# FlSHRFun's ADA 60-F Iwagumi [Pictures & Video]



## !shadow! (Jan 25, 2010)

very nice l was worried about the look of the soil mixing in with the sand but it looks like you handled it well. by the way "I have to use my tweezers to pick each grain back to its proper location" << insanity . If l didn't know any better i'd think this was a 40g breeder. You make it look so much bigger than what it actually is. Lastly l think l might have to get me one of those lights to grow hc
:hihi: . thanks for sharing!


----------



## plantedpufferfreak (Feb 2, 2010)

pretty impressive!


----------



## Tenzo (Mar 10, 2010)

absolutely stunning!


----------



## Centromochlus (May 19, 2008)

Nice setup! I really like the green neons.

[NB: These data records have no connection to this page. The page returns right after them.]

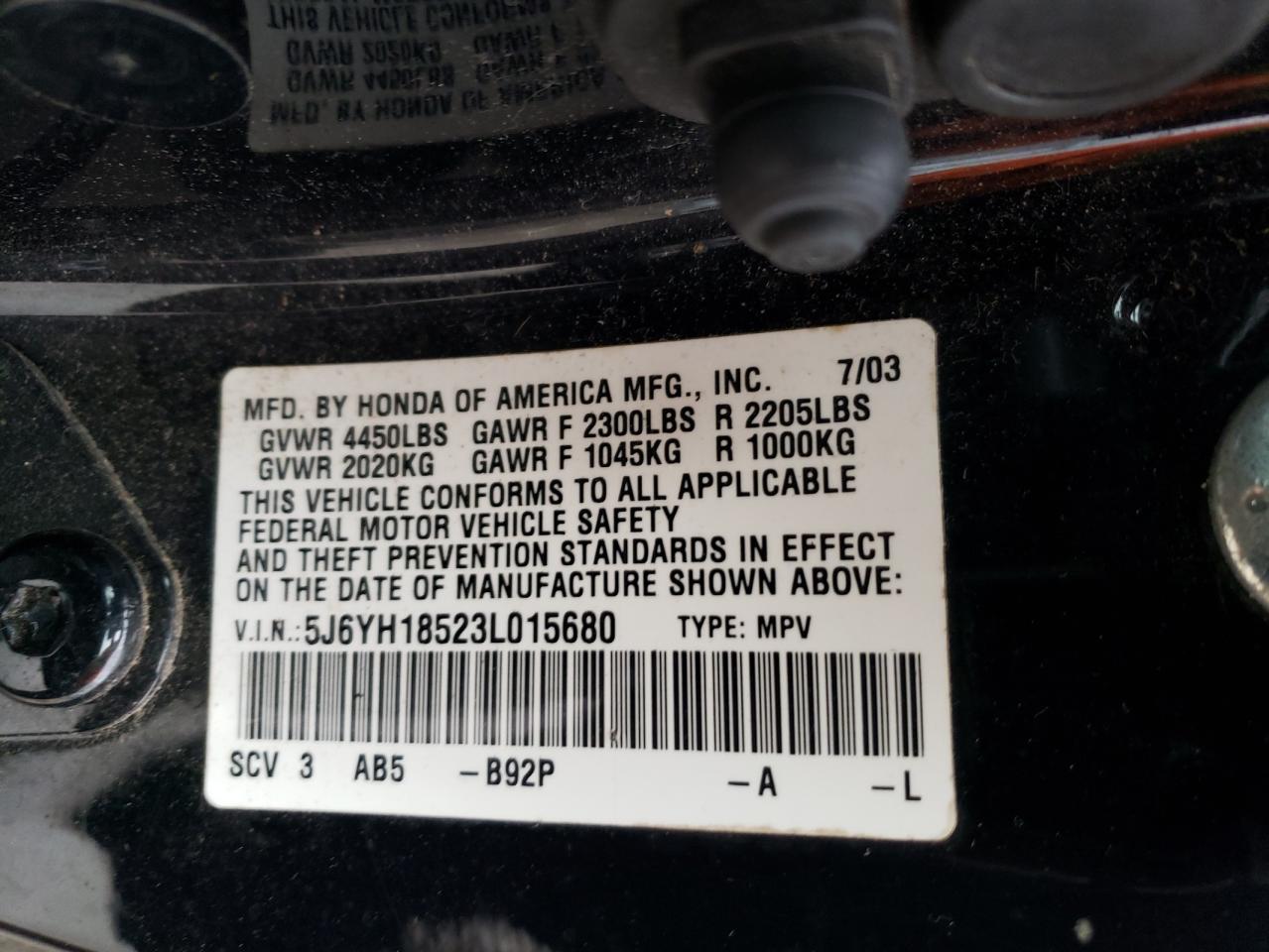 Photo 11 VIN: 5J6YH18523L015680 - HONDA ELEMENT 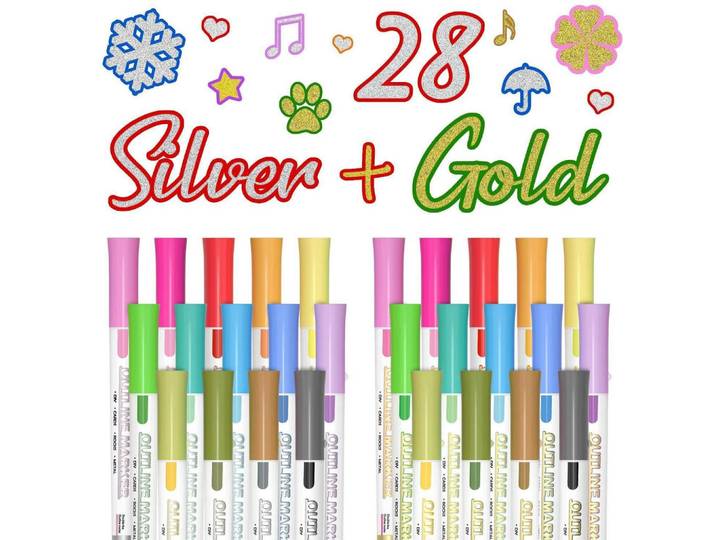 Marker 28er Set Metallic Outline Stifte Silber+Gold, Mehrfarbig, Kunststoff, 33.8x1.5x13.5 cm, Dekoration, Malbedarf & Bastelbedarf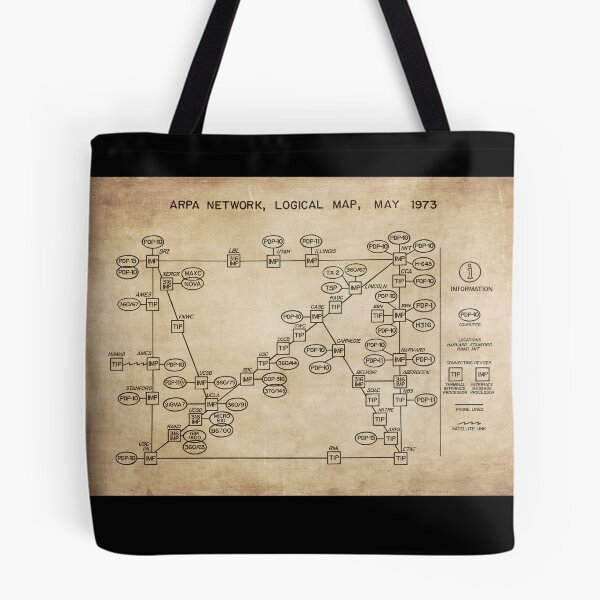 Item preview, ARPA Network Logical Map May 1973 ARPANET Map of the Internet designed and sold by Nerd Shizzle.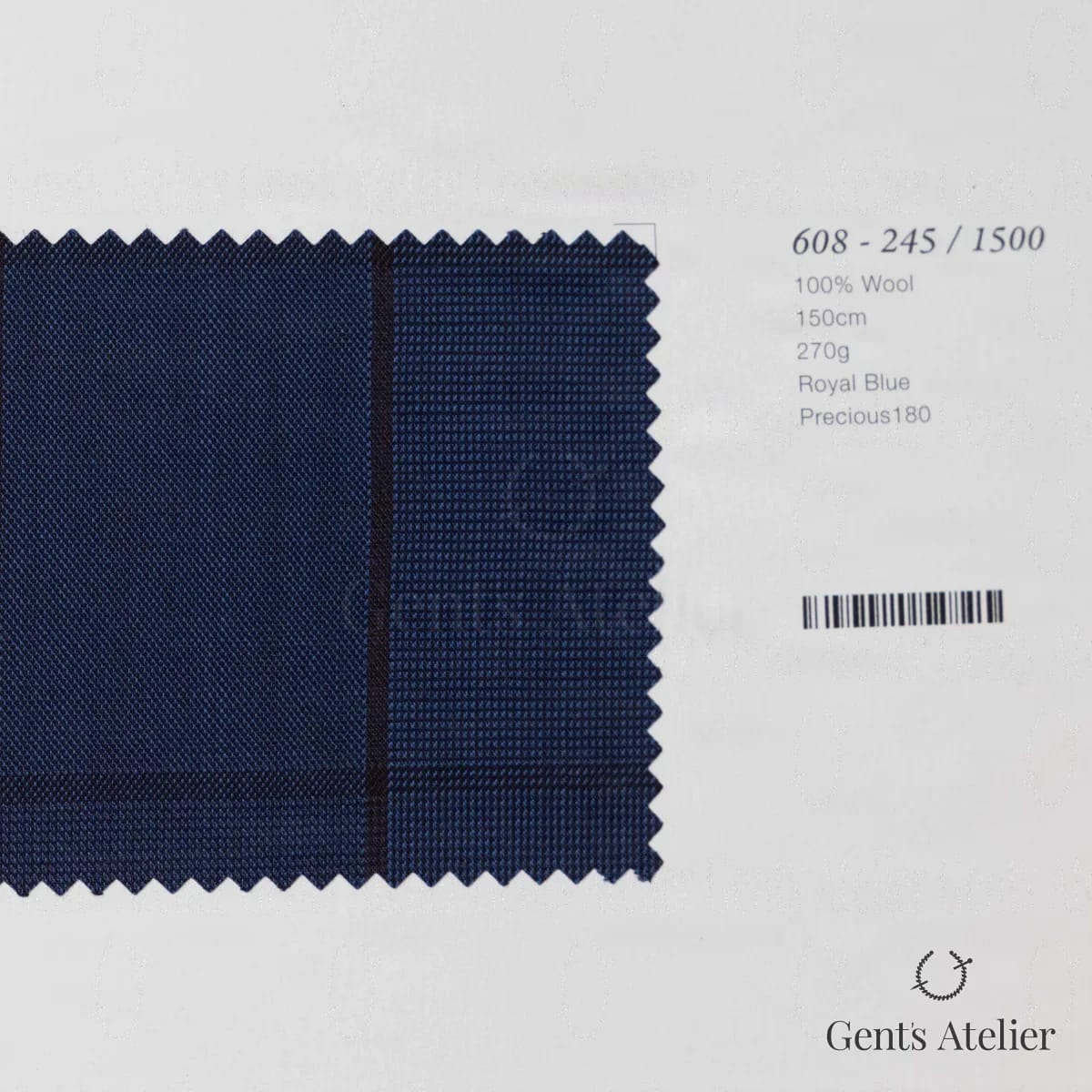 Образец ткани Marzoni 608 - 245 / 1500 с этикеткой — Синий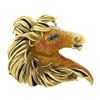 Image 1 : Frascarolo & Co. 18K Gold Detailed Enamel 3D Horse Head Pin Brooch w/ Diamonds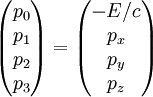 
\begin{pmatrix}
p_0 \\ p_1 \\ p_2 \\ p_3 
\end{pmatrix} = 
\begin{pmatrix}
-E/c \\ p_x \\ p_y \\ p_z 
\end{pmatrix}
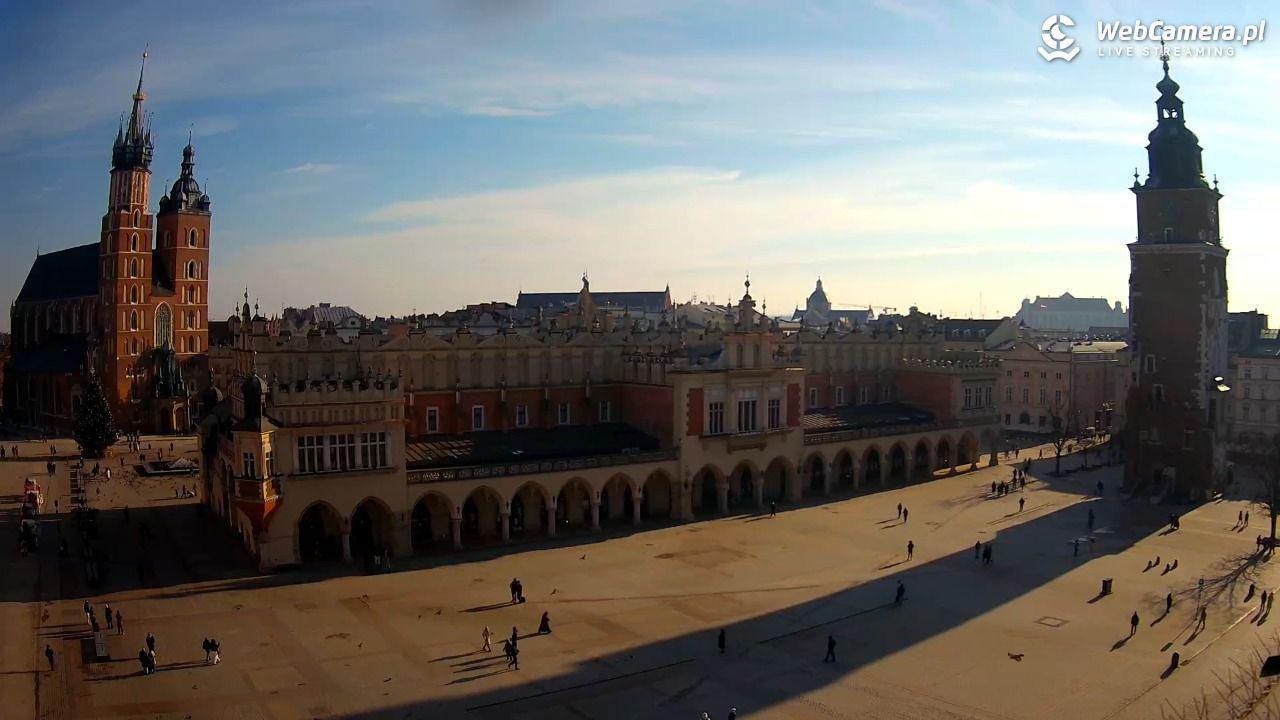 Kraków - widok na Rynek Główny - 02 luty 2026, 13:28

And nice photography too... but it took forever to load!
Have you considered making the pictures a little smaller?


----------



## TeamTeal (Mar 31, 2010)

i love it. very detailed and nicely done. 
the scape is beautiful and the HC carpet is so thick and lush


----------



## FDNY911 (Dec 6, 2009)

AMAZING! I LOVE IT ! Totally jacking the LED Dimmer idea! lol


----------



## Noahma (Oct 18, 2009)

Beautiful!!!


----------



## Jaggedfury (Sep 11, 2010)

Nice! Don't see much of 60-F tanks. Love it looks.


----------



## FlSHRFun (Jun 26, 2010)

Thanks, everybody! I'm glad ya'll enjoyed it.
Please, don't forget to watch the video and rate!

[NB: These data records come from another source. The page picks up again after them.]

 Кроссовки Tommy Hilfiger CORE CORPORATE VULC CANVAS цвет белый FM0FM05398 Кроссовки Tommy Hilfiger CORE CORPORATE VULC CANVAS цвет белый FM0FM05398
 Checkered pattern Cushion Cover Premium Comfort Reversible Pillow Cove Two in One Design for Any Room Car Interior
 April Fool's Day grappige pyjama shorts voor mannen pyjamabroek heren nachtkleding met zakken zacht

Yes, the 60-F certainly looks larger than it really is. Primary reason why I chose it! 
I'm not OCD, but the Amanos mixing the AquaSoil with the Nile Sand just really irritated me, lol.
I had to keep them separated, even if I had to do it one grain at a time.
The ADA 8000K 150W MH "Green" is amazing for HC growth, provided you supply plentiful CO2 and a balance of fertilizers.
Plus, the "Green" bulb really does bring out the green pigments on the HC. I really enjoy it.

Sorry, again, about the pictures. I took them with my SLR which saves them in huge files.
I thought the Photobucket would compress and resize the photos. Guess I was wrong.
After waiting so long to upload the photos, I just really didn't want to delete them and do it again.
I'm very sorry for the load time.

Feel free to use the LED dimmer idea. It's a public forum to share ideas. I don't have a patent on this, nor am I the first to have a backlight behind my aquarium.

Again, thank you all for your input!

If you forgot to watch the video or missed the link, you can view it *here*!


----------



## Centromochlus (May 19, 2008)

Where did you purchase the LED light fixture that you have in the back of the tank?


----------



## FlSHRFun (Jun 26, 2010)

I purchased the LEDs from Home Depot or Lowes. I cannot remember exactly.
It's a Utilitech 18" LED Fixture. I tried searching up the fixture online. However, I found no results. Might just have to check it out in stores.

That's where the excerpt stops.